- **TASK DETAILS**
Reproduce, from the lines below, exactly the stretch that begins at the line containing "Antoine Coypel 14x11" and ends at the line containing "Stylish Cotton Blend", both included.

- **RECORDED DATA**

....................

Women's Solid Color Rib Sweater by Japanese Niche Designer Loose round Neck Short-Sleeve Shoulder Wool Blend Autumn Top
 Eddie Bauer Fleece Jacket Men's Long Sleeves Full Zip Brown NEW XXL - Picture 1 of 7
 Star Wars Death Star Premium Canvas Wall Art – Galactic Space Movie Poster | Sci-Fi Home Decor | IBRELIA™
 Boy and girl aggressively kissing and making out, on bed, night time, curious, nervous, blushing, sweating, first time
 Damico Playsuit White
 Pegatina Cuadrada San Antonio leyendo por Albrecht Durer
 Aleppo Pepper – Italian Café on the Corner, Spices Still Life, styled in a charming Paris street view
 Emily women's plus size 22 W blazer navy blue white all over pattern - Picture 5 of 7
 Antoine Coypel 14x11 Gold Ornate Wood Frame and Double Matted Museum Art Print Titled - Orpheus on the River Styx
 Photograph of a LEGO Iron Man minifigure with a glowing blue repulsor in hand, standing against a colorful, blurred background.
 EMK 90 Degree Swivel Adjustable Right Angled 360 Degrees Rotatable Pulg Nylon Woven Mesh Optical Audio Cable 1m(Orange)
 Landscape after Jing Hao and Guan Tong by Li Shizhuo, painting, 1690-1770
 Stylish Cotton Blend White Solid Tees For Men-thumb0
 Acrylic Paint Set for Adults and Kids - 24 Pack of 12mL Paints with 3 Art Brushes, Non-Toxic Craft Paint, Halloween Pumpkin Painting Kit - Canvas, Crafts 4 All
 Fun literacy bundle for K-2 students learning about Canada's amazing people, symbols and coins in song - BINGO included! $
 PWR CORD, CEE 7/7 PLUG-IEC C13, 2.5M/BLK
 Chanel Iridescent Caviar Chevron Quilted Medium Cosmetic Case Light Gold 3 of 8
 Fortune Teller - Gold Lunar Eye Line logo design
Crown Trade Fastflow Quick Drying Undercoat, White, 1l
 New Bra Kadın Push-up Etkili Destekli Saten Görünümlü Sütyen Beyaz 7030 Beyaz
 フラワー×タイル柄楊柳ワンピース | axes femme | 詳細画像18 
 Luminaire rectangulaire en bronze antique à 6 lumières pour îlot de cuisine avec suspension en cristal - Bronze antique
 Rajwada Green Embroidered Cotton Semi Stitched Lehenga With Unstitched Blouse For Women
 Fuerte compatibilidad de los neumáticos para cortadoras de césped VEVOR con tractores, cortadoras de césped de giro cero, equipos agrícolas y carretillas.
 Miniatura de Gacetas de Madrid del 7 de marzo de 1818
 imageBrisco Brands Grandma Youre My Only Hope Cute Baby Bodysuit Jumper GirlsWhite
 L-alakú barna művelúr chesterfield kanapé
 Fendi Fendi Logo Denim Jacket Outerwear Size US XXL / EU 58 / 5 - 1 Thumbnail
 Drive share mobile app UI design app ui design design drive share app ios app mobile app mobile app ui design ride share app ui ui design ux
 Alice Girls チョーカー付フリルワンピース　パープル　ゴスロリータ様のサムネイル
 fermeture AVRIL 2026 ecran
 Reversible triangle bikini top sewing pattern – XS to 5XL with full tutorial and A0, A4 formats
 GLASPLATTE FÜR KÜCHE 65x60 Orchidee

....................

- **EXERCISE SOLUTION**
 Antoine Coypel 14x11 Gold Ornate Wood Frame and Double Matted Museum Art Print Titled - Orpheus on the River Styx
 Photograph of a LEGO Iron Man minifigure with a glowing blue repulsor in hand, standing against a colorful, blurred background.
 EMK 90 Degree Swivel Adjustable Right Angled 360 Degrees Rotatable Pulg Nylon Woven Mesh Optical Audio Cable 1m(Orange)
 Landscape after Jing Hao and Guan Tong by Li Shizhuo, painting, 1690-1770
 Stylish Cotton Blend White Solid Tees For Men-thumb0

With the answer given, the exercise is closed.